Композиция не давала ему заблудиться. Вела куда правильно.
Он знал, кто на какие роли. Один артист как бы проявлял черты другого. Уходил Церетелли, появлялся Чаплыгин. Он старался не замечать разницы между дублерами. Они сливались с образами своих персонажей. Он привыкал, что замена делала его героев грубей, примитивней. Но спектакли из-за ухода артиста почти никогда не снимал.
Он стал оправдывать изъян исполнения грандиозностью замысла. Ему стало казаться, что важны не актеры, а целое. Он научился прикрывать актера общим решением. И не то что безразлично, кто кого играет, лишь бы рядом была Алиса.
Она никогда не вмешивалась в распределение ролей, да он бы и не допустил этого. Просто знала, что ей достанется лучшее.
Река не иссякала потому, что в ней жила Алиса.
И когда он смотрел «Египетские ночи», постепенно, с каждым вечером, в который шел спектакль, начинали откалываться, исчезать и Рим с его Колизеем, и Египет внутри Сфинкса, и все великолепные мизансцены.
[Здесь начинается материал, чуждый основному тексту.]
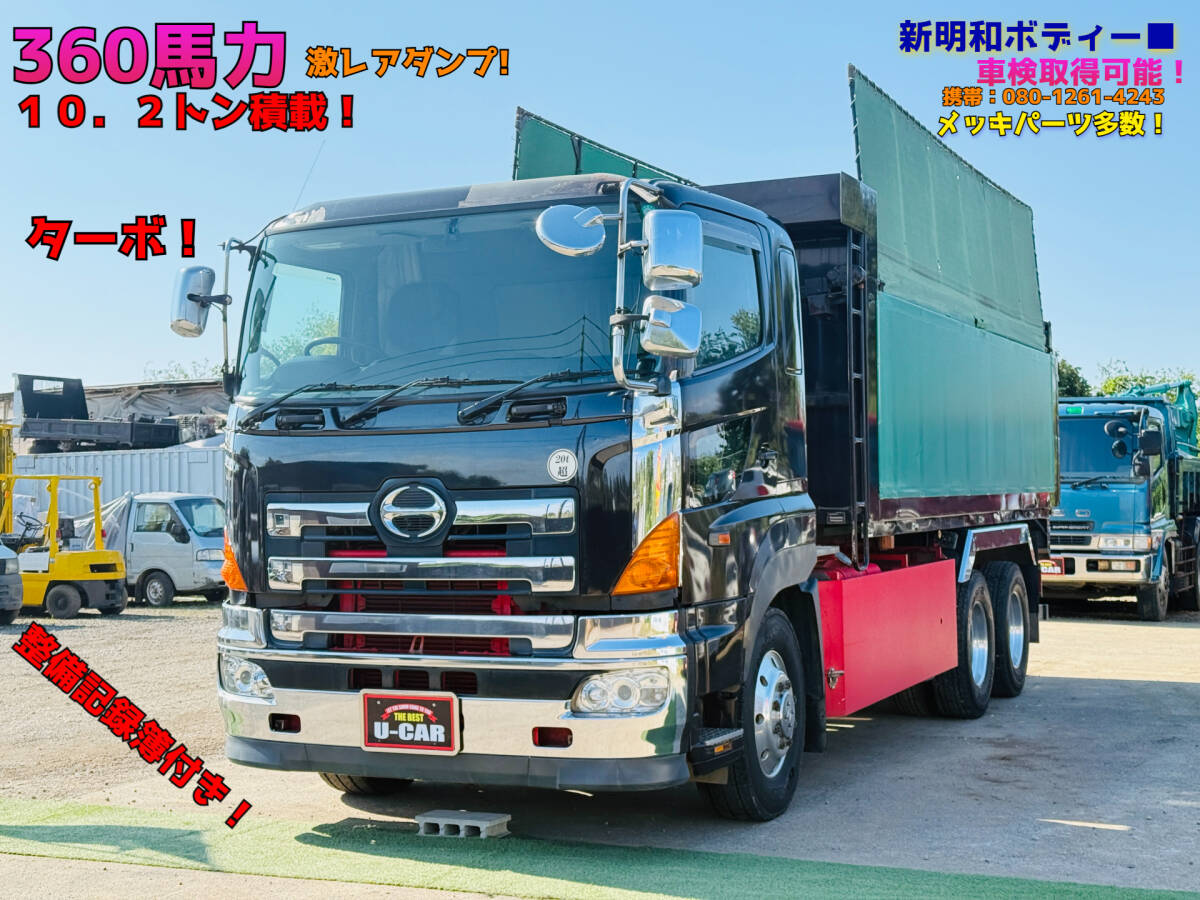 プロフィアの情報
Оставались только Алиса и музыка Прокофьева.
Они напоминали ему будущее. Алиса читала Пушкина так просто, так правильно, музыка не подавляла, а придавала ей силы, она впускала музыку в себя. Впору было ревновать ее к Прокофьеву, он обожал Алису и говорил:
— Когда она читает Пушкина, я просто перестаю понимать, где ее голос, где моя музыка. Какая же это сила — ваша Алиса Георгиевна! Для нее не надо ничего перестраивать, она звучит со мной в одном регистре.
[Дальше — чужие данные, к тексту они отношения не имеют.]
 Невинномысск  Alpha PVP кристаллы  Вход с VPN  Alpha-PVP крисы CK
И, конечно, сразу захотелось не прерывать это звучание, этот союз.
Теперь он слушал их обоих в «Египетских ночах», не смотрел, а именно слушал. Ему хватало ее голоса, все остальное он мог легко себе вообразить, сам же и поставил. А тут, пока звучал «Чертог сиял», он вспомнил, что сам всю жизнь хотел сыграть Онегина, хватило сдержанных похвал Якова Рувимовича, еще в Бердичеве, когда он напялил берет, а отец, то ли нарочно, то ли запамятовав, кто там в малиновом берете с послом говорит, Татьяна, Онегин… зачем-то сказал: «Ты мог бы сыграть Онегина», заронив в него эту безнадежную мечту сыграть кого-нибудь из пушкинских героев — Германа, Алеко, Дубровского, кого угодно, а лучше всего Онегина по отцовской подсказке.
Когда Гайдебуров дал ему Бориса Годунова в толстовской трилогии, он подумал — почему не пушкинского? И тут же ответил, что на пушкинского мощи ему не хватало, голоса. Голосом трагедии владела Алиса, а у него был приятный драматический баритон.
На Бориса его не хватило бы, его хватило бы на Онегина.